PUNE: The rain-rocked Up line - the third track in the Bhor Ghat section of the Central Railway - is marked 117km on the official railway infrastructure map. It can be accessed only by rail, which stops at the approaching tunnel. And it is quite a sight.

Giant machines are at work. Be it drills, excavators, piling machines, reinforced cement concrete mixers or pipes of various dimensions, all of them have been taken there using supply trains, on giant flatcars.





At any given point in time, 40 workers are on the site, complimented by the Central Railway's "hillside" team - a group of locals having intimate knowledge of the topography. Its job is to identify loose rocks on the 60-metre-tall rock face next to the track.

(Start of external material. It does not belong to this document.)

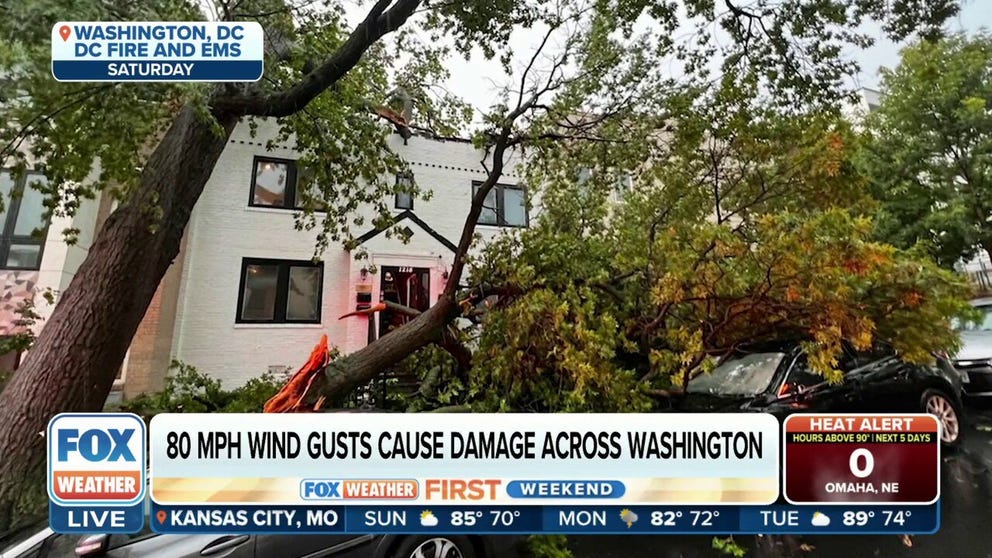 Severe thunderstorms packing damaging wind gusts swept across the Washington D.C. and northern Virginia areas on Saturday knocking out power to more than 250,000 utility customers.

During railway traffic blocks or pre-determined times, those rocks are hurtled down and out of harm's way.

The track was damaged on the night of October 2. At the site, a few kilometres north-west of Khandala railway station , workers and engineers have had around two weeks of uninterrupted time to work on the site, through three shifts, day and night, as rain subsided since November 5. A steel bridge, which partly links the two tunnels, is now being extended by nearly 130 metres to completely link the two tunnels, almost.

"We had two options. First, to fill up the embankment again with boulders and soil, but that would carry the risk of the subsidence happening again next monsoon . The second option was to extend the bridge. We chose the second. This has also come with the additional work of micro-piling on site to strengthen it for the construction of the piers," said Shivaji Sutar, the chief public relations officer of the Central Railway.

As its next challenge, the Central Railway team is planning the ways to bring in and safely launch the girders of the bridge. "Now, the girders have to be brought in by rail. Each of them is more than 24 metres in length. We can't bring in whole girders, but we shall have to bring them in piece by piece, and weld and assemble them on the site. If all goes well, this track may be opened by January 15 next year," said Ashutosh Gupta, the additional divisional railway manager, Mumbai.

On a tour arranged by the Central Railway to showcase its ongoing Rs10-crore project to refurbish the Pune-Mumbai Up line, the officials stressed on the challenges they faced ever since the track subsided by four metres after torrential rain on the night of October 2.

"Since that day, we started the work. The first boulders came in on October 3 to strengthen the base. Our workers have been here almost permanently since then. So are some of our engineers and supervisors," said Gupta, in charge of infrastructure for much of the network.